MySQL is fine to run your app as you no doubt know. The “model” built in a 
recommender is generally not human readable but in the case of the UR you can 
understand it with some experience. It lives in Elasticsearch while the user 
interactions live in HBase. The user events can be looked at but not sure why 
you’d want too, they are condensed snippets of server logs.

In any case it may help to think of the model in Elasticsearch as a product 
catalog. It will define what items can be recommended and have an entry for 
each item with Machine Learning calculated attributes attached that indicate 
the type of user that prefers each item. But the model also contains item 
properties/attributes that you may want to include for business rules.
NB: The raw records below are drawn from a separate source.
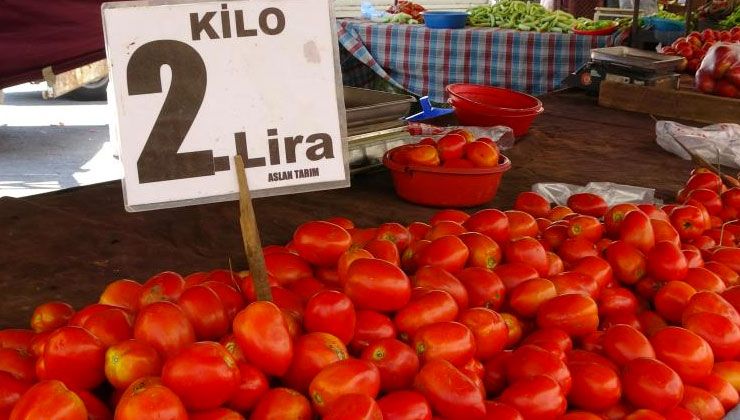 Adana’da domatesin kilosu 2 liraya düştü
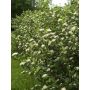 Marja-Aronia Mitschurinii Viking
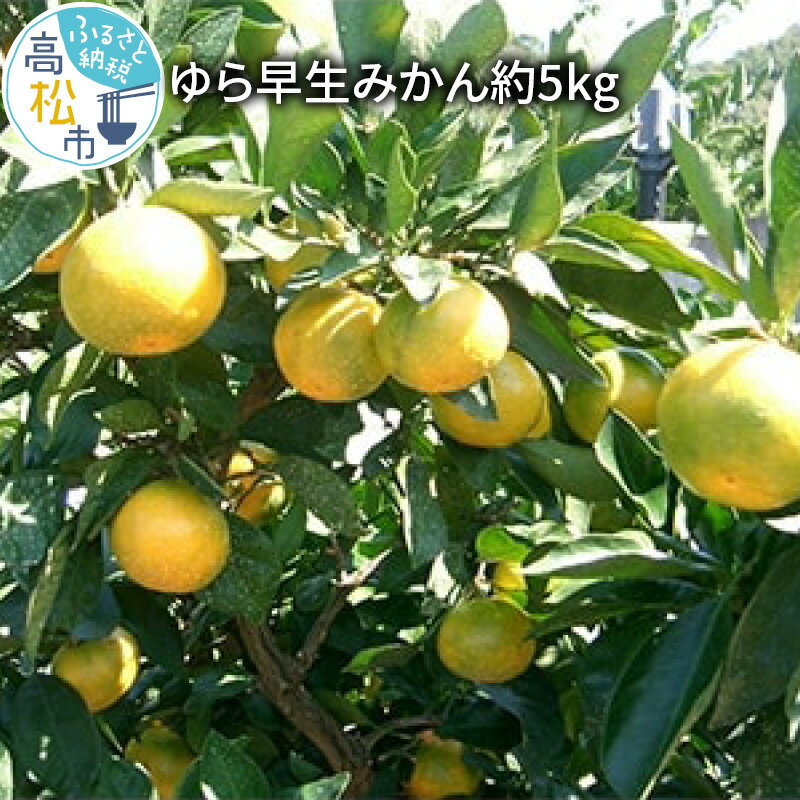 【ふるさと納税】ゆら 早生 みかん 約5kg【2026-9月下旬～2026-11月上旬配送】 | みかん 果物 フルーツ みかん 爽やか 酸味 濃厚 香川県 高松市 注目 高糖度 ミカン 蜜柑 フルーツ 柑橘 果物 果汁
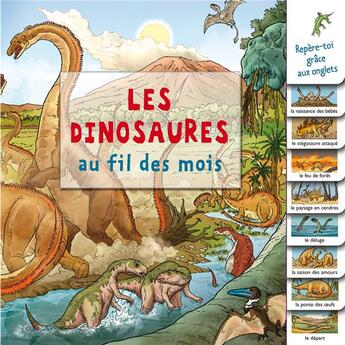 Couverture du livre « Les dinosaures au fil des mois » de  aux éditions Millepages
The Recommender is easily accessed from you app through the input and query 
API. You can change attributes of items by sending special input events. 
Queries are defined that match the type of things recommenders with business 
rules do and the model can be seen through Elasticsearch APIs but it is 
discouraged to do any direct manipulation of these since their meaning or 
format may change with any update.

Plan to use the PIO query API, it will respond in real-time, with latency on 
the order of 25ms, and multiple simultaneous connections/queries. There would 
be no reason to pull out data from the UR and put it in a database or you would 
loose the ability to react to user’s real-time behavior, which is used to make 
recommendations. Stick to the input/query APIs and feed data into the UR in 
real-time and you’ll get the most benefit.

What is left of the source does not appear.